[Neurologic Abnormalities in Myalgic Encephalomyelitis/Chronic Fatigue Syndrome: A Review].
Komaroff, Anthony L, Takahashi, Ryosuke, Yamamura, Takashi et al. · Brain and nerve = Shinkei kenkyu no shinpo · 2018 · DOI
Quick Summary
This review examines objective, measurable evidence that ME/CFS is a real physical illness, not just a psychological condition. Researchers looked at studies showing that ME/CFS involves problems with the brain, immune system, and how the body uses energy. They found that immune activation—where the body's defense system becomes overactive—may be a key driver of ME/CFS symptoms.
Why It Matters
This review provides evidence that ME/CFS has measurable biological markers rather than being primarily psychological, which can help validate patient experiences and support clinical recognition.
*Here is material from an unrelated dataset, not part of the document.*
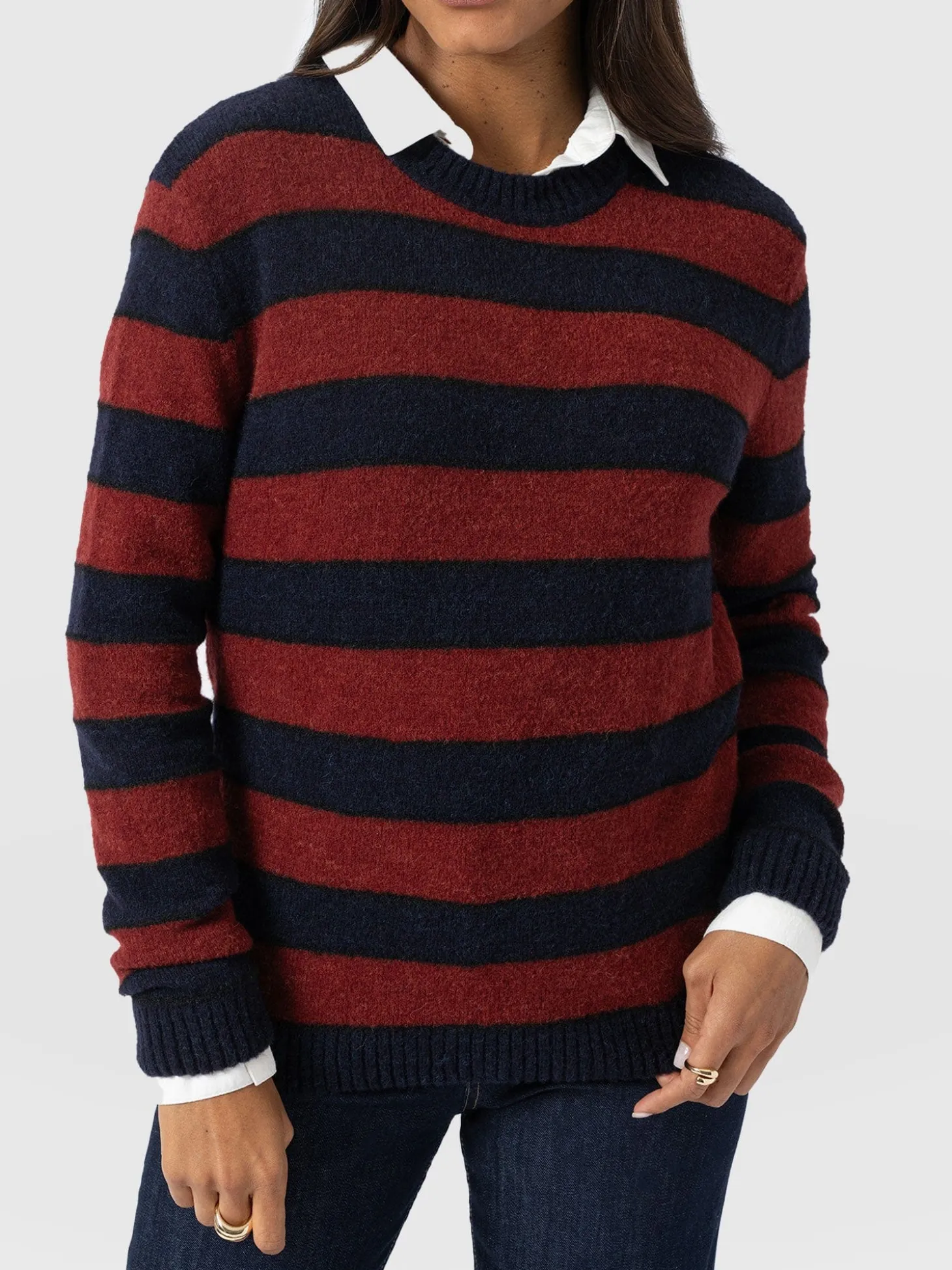 Azura Knit Sweater - Red/Navy
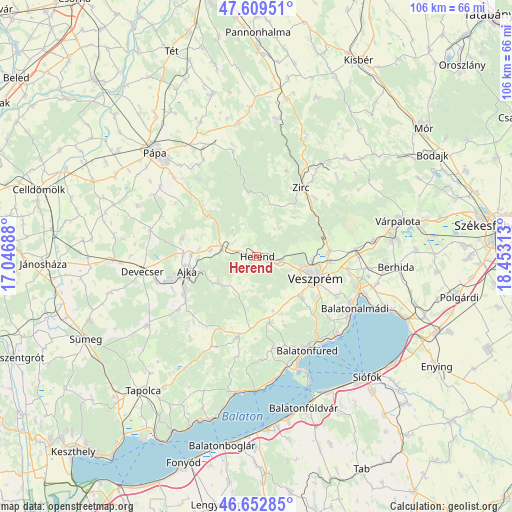 Herend on map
Understanding immune activation as a potential trigger offers a mechanistic framework that may guide future treatment development and biomarker-based diagnostic approaches.
Observed Findings
Objective neuroimaging abnormalities detected in ME/CFS patients
Abnormal blood biomarkers including inflammatory cytokine elevation
Impaired energy metabolism and mitochondrial dysfunction documented in patient samples
OrthostaticIntolerance and cardiovascular dysregulation measurable through objective testing
Cognitive impairment correlating with neurological markers
Inferred Conclusions
ME/CFS involves demonstrable objective biological abnormalities, contradicting the notion that it is purely subjective or psychological
Immune activation and cytokine release may be key pathophysiological mechanisms triggering neurological symptoms
Multiple biological systems (neurological, immunological, metabolic) are dysregulated in ME/CFS, suggesting a complex systemic illness
Remaining Questions
Which specific immune markers or cytokine profiles are most central to ME/CFS pathogenesis, and do they differ across patient subgroups?
What causes the initial immune activation and triggers the transition to persistent illness in susceptible individuals?
What This Study Does Not Prove
This review does not prove that any single cause definitively explains all ME/CFS cases, as the evidence reviewed suggests multiple overlapping biological abnormalities. It also does not establish the causal direction between immune activation and symptoms—immune markers could be secondary responses rather than primary triggers. The review summarizes existing studies but does not establish new treatment efficacy or provide definitive diagnostic criteria.